Los poetas malditos, antología simbolista de Paul Verlaine

El Simbolismo es uno de los movimientos poéticos más importantes de la lírica contemporánea. Heredero de Baudelaire y capitaneado por Mallarmé y Paul Verlaine, precisamente 'Los poetas malditos' constituye una magistral antología realizada por éste último sobre sus compañeros de escuela.

La sombra de Charles Baudelaire es muy alargada en la lírica francesa. Todos los poetas que surgen tras él le deben mucho aunque militen en escuelas distintas. De hecho, tanto los parnasianos, con Théophile Gautier y Leconte de Lisle a la cabeza, como los simbolistas de Verlaine y Stéphane Mallarmé beben de sus enseñanzas y toman muchos de sus recursos técnicos.

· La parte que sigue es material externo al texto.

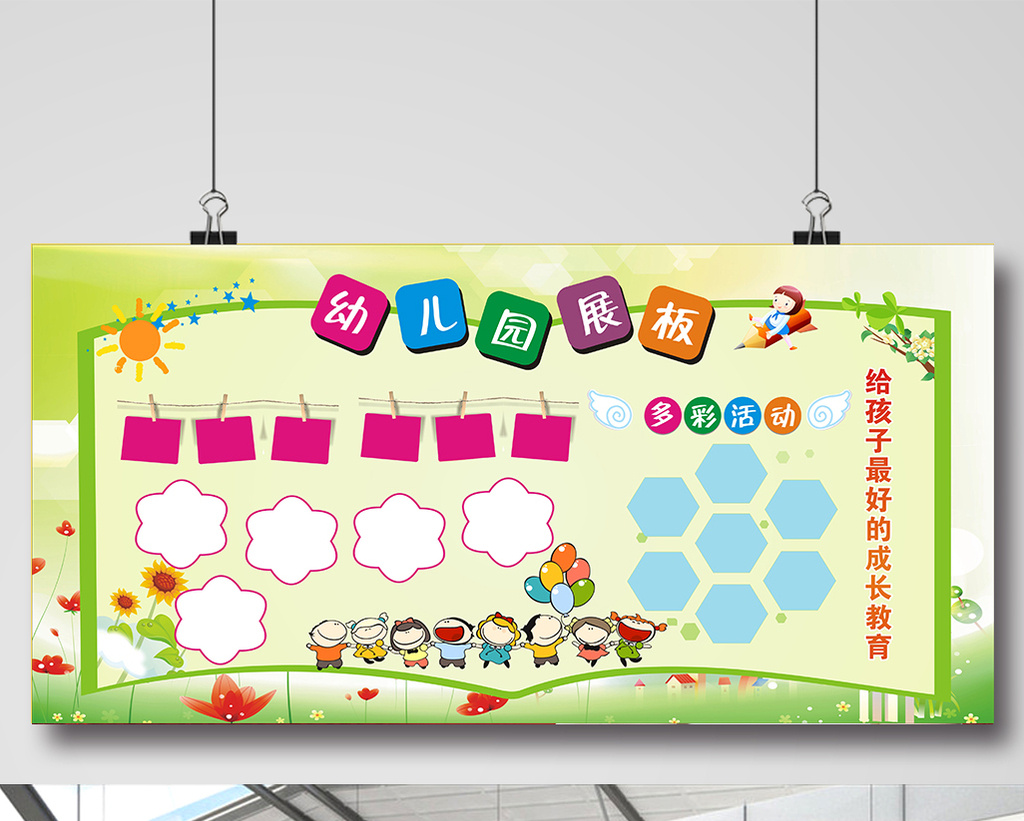 幼儿园文化墙展板学校背景墙海报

Por otra parte, todo movimiento lírico que se precie debe tener su antólogo y, si hablamos de una escuela tan importante como el citado Simbolismo, ello se hace imprescindible. Y quién mejor para desempeñar ese papel que uno de sus integrantes -más aún, el príncipe de todos ellos- Paul Verlaine, no sólo faro y guía de esa escuela, sino también modelo de muchos poetas posteriores.

Foto de Metz

Una vista de Metz, ciudad natal de Paul Verlaine

Hombre contradictorio al que ensombrece una atroz miseria moral –llegó a estar en la cárcel por golpear a su madre- en parte sobrevenida por sus brutales excesos con la absenta y las drogas, Paul Verlaine (Metz, 1844-1896) encarna uno de los tópicos con que suele describirse al poeta: el del hombre perdido en un mundo que no comprende y, por tanto, en el que no encaja. Esa inadaptación se observa en todas sus colecciones de versos, desde 'Romanzas sin palabras' hasta 'Invectivas', que traslucen su naufragio en la inhumana urbe moderna.

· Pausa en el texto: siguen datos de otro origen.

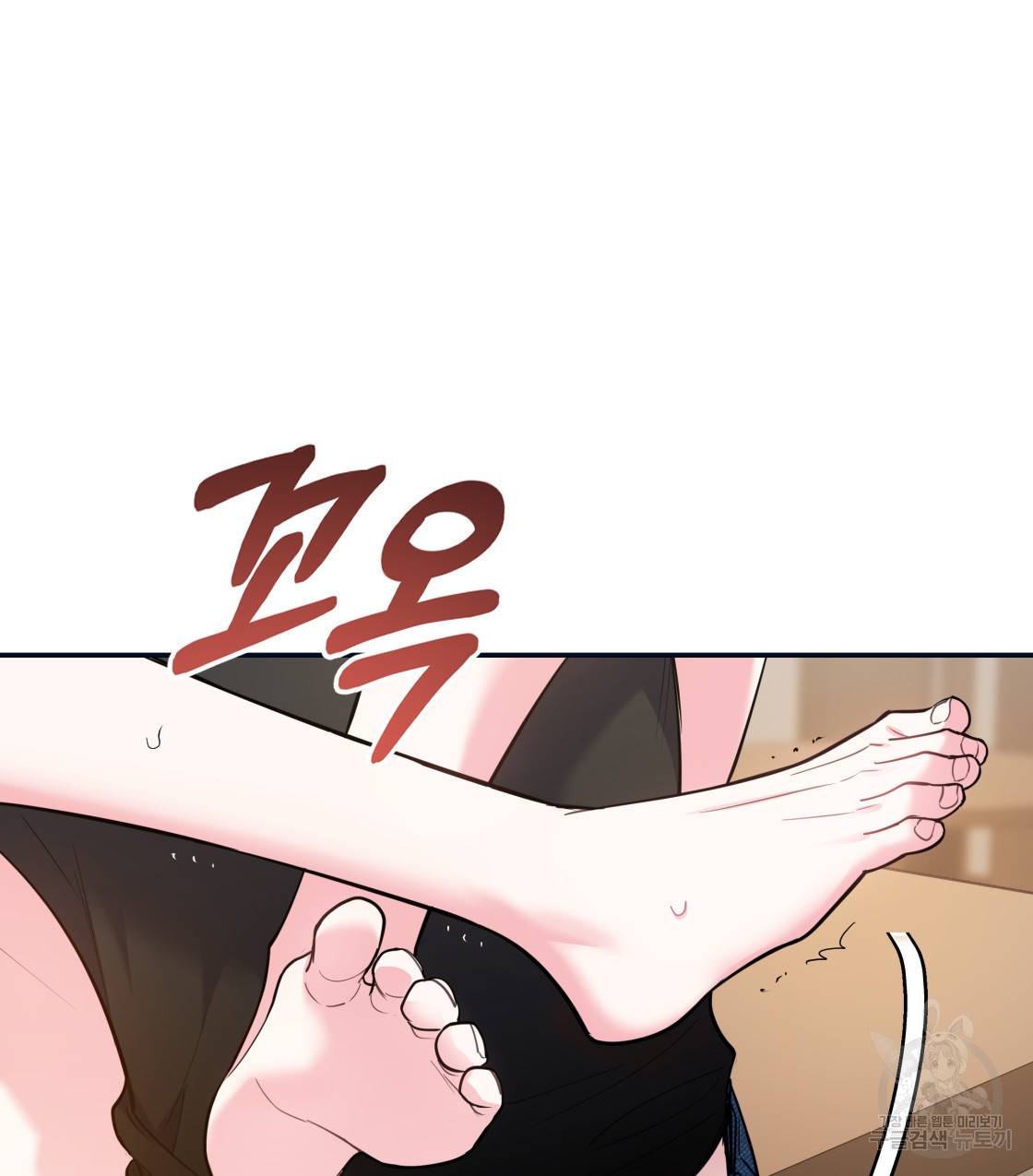 너랑 나는 이래서 안 돼 46화 8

En lo que respecta a la forma, Verlaine es considerado un renovador de la lírica contemporánea. Capaz de experimentar con el valor simbólico de las palabras y la musicalidad del verso, su influencia se extiende a grandes autores posteriores como Rubén Darío o Pablo Neruda, cuya creación no puede explicarse sin su magisterio.

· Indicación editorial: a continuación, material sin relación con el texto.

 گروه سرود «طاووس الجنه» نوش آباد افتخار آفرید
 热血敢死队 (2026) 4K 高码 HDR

Todo ello convierte a Verlaine en la persona idónea para escribir 'Los poetas malditos', excepcional antología biográfico-crítica de la obra de sus compañeros simbolistas. Aunque en ella no se encuentran todos, si están los más importantes: Corbière, Rimbaud –de tan funestas consecuencias para el propio Verlaine-, Mallarmé, Marceline Desbordes-Valmore, Villiers de l’Isle Adam y un "pobre Lelian" que no es otro que él mismo (Lelian es un anagrama de Verlaine).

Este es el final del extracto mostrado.